Delayed, ACP Price Tag Reaches $7 Billion

Delays mainly caused by continuing regulatory battles have added another half a billion dollars to the price tag for the Atlantic Coast Pipeline project now crossing Virginia.  Dominion Resources CEO Thomas Farrell used a new top figure of $7 billion in a discussion of the project with investors and analysts on November 1.

Back in February it was the Duke Energy CEO who first floated a figure of $6.5 billion for a project that started out with a $5 billion or less advertised price.  Those costs do not include financing, which will add to the amount customers pay for the gas in coming years.  Dominion is the lead partner in the pipeline, along with Duke Energy and Southern Company, but owns slightly less than 50 percent of the project.

The transcript is rough in places, the fault of the transcriber I’m sure, so I may add some suggested translations here and there.

“The FERC stop work order in (and?) delays obtaining permits necessary for construction have impacted the cost and schedule for the project. As a result, project cost actions have increased the range of $6 billion to $6.5 billion to a range of $6.5 billion to $7 billion excluding financing costs,” Farrell told those assembled on a conference call to discuss the company’s third quarter results. The most recent dispute involves the proposed compressor station in Buckingham County, with its permit decision delayed at the last Air Pollution Control Board meeting.

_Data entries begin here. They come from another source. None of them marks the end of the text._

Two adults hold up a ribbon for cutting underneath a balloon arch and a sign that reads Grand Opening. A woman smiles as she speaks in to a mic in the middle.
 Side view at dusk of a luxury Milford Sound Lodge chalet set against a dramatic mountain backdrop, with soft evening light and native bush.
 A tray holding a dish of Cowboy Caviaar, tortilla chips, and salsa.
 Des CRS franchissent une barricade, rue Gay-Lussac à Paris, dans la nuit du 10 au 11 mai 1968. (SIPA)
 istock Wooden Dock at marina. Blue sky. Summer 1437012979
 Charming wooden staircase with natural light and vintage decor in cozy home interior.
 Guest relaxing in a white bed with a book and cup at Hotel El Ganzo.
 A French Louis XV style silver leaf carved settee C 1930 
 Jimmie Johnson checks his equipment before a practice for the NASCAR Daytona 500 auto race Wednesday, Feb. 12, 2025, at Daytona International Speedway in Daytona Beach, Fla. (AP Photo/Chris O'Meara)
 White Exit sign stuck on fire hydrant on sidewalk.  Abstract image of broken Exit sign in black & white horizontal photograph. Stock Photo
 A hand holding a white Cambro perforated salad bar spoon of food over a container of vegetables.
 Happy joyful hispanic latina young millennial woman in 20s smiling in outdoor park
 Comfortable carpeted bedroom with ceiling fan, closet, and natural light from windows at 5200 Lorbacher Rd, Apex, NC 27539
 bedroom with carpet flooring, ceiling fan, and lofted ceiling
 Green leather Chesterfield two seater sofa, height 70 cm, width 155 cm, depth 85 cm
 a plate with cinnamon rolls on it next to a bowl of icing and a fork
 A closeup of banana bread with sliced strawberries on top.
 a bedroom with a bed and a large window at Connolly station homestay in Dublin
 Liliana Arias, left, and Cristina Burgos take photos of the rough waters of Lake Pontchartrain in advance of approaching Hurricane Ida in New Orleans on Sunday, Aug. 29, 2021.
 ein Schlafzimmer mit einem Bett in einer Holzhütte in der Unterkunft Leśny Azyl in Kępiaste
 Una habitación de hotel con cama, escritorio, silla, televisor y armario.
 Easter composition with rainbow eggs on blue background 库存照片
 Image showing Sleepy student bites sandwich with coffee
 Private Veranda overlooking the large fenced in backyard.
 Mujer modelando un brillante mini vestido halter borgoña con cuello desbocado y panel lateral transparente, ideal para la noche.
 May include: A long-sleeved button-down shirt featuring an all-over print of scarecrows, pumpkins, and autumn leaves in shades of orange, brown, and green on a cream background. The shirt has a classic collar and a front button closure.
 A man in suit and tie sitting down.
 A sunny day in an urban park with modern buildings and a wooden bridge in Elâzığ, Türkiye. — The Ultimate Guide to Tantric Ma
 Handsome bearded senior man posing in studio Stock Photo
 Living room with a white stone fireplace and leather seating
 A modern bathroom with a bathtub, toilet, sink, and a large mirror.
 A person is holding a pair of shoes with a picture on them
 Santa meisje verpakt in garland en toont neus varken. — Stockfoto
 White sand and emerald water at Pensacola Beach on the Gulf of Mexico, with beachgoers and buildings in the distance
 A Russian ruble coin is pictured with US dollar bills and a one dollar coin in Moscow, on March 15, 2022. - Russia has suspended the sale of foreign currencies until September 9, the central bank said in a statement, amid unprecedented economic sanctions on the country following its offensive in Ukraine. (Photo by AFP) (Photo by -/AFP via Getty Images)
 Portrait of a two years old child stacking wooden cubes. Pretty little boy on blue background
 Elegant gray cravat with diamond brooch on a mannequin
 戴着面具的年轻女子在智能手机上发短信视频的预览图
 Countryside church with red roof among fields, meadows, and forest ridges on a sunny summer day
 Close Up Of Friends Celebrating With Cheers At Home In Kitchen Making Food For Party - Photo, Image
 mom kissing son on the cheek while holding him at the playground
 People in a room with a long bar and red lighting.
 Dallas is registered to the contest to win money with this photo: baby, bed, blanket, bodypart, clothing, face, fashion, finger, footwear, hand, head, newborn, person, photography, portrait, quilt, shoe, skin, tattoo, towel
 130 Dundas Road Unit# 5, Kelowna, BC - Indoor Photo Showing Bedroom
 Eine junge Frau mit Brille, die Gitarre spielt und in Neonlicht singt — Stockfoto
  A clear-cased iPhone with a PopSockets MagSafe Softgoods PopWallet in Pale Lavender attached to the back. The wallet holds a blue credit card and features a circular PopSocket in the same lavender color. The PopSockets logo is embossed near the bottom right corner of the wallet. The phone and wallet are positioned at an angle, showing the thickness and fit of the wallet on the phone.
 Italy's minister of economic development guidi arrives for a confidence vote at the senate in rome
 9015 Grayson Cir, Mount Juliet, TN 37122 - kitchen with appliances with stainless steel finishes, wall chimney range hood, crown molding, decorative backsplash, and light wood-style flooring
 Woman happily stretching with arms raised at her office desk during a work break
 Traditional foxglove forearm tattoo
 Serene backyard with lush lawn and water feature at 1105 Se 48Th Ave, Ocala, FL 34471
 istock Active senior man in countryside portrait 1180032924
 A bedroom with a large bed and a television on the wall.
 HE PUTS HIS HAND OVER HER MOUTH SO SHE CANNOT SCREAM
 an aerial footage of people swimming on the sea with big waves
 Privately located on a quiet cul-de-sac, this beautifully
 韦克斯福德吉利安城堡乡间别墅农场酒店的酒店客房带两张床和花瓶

“The Atlantic Coast Pipeline is pursuing a phase in service approach with its customers whereby we maintain a late 2019 in-service date for key segments of the project to meet peak winter demand in critically constrained regions. ACP will be pursuing a mid-2020 in-service date for the remaining segments.  Farrell said later their profits are not threatened if they don’t start pumping gas in 2019 because the are guaranteed to recover funds used during construction.

“Through this process, we’ve already been through one process with customers on the rates, and we’ll continue to work with them. The returns are going to be very adequate and comments (commensurate?) with the normal returns we get in projects like this in our midstream business,” Farrell said.

Dominion Energy Virginia, through another arm of the company, is one of those customers, meaning of course its millions of Virginia ratepayers will ultimately pay off the portion of the pipeline serving Dominion generation plants.

Opponents tend to focus on the top line number ignoring the fact that there will be other customers sharing the cost along the line.  Opponents are quite right when they point out that new pipelines cost more than old pipelines built at lower cost.  Those issues will be debated in future State Corporation Commission cases, where the higher transportation charges will be compared to cheaper alternatives. 

In speaking to the analysts, Farrell was positive about the prospects of another huge capital expense coming at ratepayers like a train – license extensions to add another 20 years of life for its four nuclear reactors.  In some recent State Corporation Commission testimony, the company has been equivocal on its plans.  Who’s getting the real story, the SCC or the stock analysts?

“Now, on October 16, we filed with the regulatory commission for subsequent license renewable (renewal?) for the [indiscernible] power station reactors. This is an important first step in which we expect will be a multiyear $4 billion investment program that will extend the lives of both the [indiscernible] (Surry?) and North Arizona (North Anna) nuclear stations by an additional 20 years. We expect to submit the North license suspension (extension?) application in 2020. As a result of this initiative, our customers will continue to benefit from clean, reliable and low-cost generation from these best-in-class facilities,” Farrell is quoted in the transcript.

And on a related note…..

Former State Senator John Watkins was actively promoted this past winter as a candidate to fill an opening on the State Corporation Commission.  He was apparently derailed by concerns about his votes on key utility regulation issues and his ties to various legislators who have shown little interest in protecting ratepayers when the utility was rewriting the law to its benefit.  Yesterday’s Wall Street Journal took note of how things work in Virginia.

Apparently that Clean Virginia group published something pointing to relatively high electricity bills in Virginia, and Senator Watkins rose to the company’s defense in a guest column in The Roanoke Times, a paper far from his Chesterfield County home.  Read it and form your own opinion of his fitness for the Commission job, which is still open after all.

One line of his did inspire me.  “Facts are facts, and the SCC does a really good job of compiling them. Legislators and the public count on the SCC to provide that information to make sound decisions,” he wrote.   My mission at Bacon’s Rebellion to report on the Commission process and the facts that drive its decisions will continue.